Benchmarking AlphaFold2-RosettaRelax for Predicting the Impact of Indel Variants in DHFR
Summary
In this study, we evaluated a computational method combining AlphaFold2 (AF2) and RosettaRelax (RR) to predict the impact of insertion and deletion (indel) mutations on the stability of dihydrofolate reductase (DHFR). We generated a series of DHFR variants, each containing a single amino acid insertion or deletion, and predicted their structural stability using AF2 to predict the fold and RR to refine the structures and calculate the change in free energy (ΔG). The predictions were compared with experimental data acquired with the CPOP system, to evaluate the performance of the method. The AF2 predictions included the pLDDT score to assess the confidence in the predicted structures, while the RR provided ΔG scores to estimate the stability of the variants. Additionally, we ran RR on DHFR complexed with methotrexate (MTX) to examine how the presence of this ligand affects protein stability. Our results indicate that the AF2-RR combined protocol is effective in predicting the stability changes due to indel mutations, but no significance improvement was found in accuracy when using MTX in the RR predictions.
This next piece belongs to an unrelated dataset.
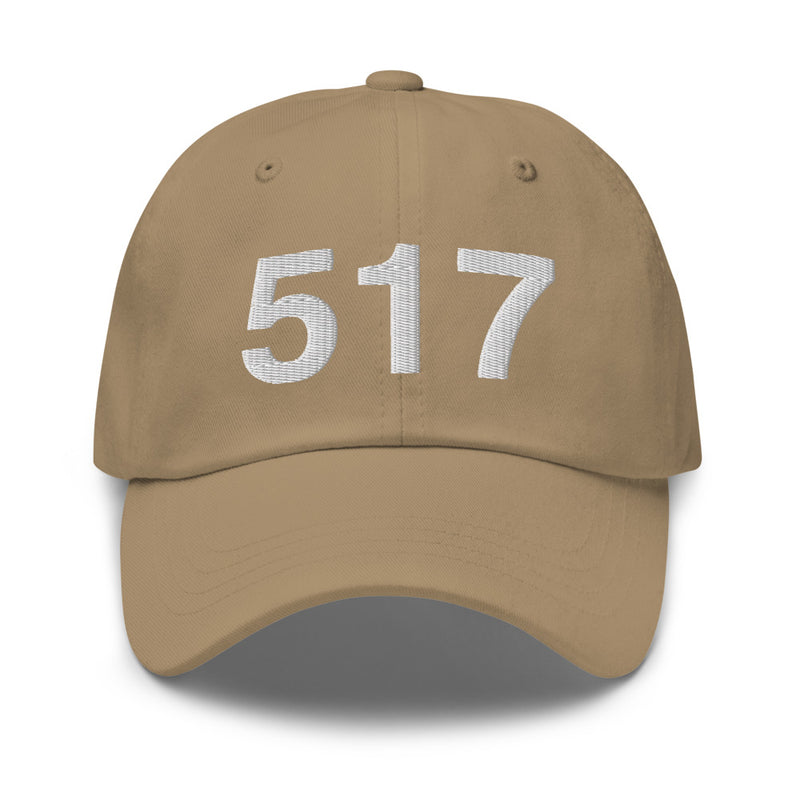 517 Lansing MI Area Code Dad Hat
However, the method shows limitations in accurately predicting instability caused by mutations in the core region of the protein, though this might be specific to DHFR. We also observed that indels located within secondary structures such as helices or sheets were generally non-tolerated. This study highlights the utility of AF2 and RR in structural biology and provides insights into the stability of DHFR variants. Furthermore, the availability of the CPOP indel dataset allows for the testing of other computational methods, such as INDELi-X, which combines substitution scores with indel location to enhance prediction accuracy.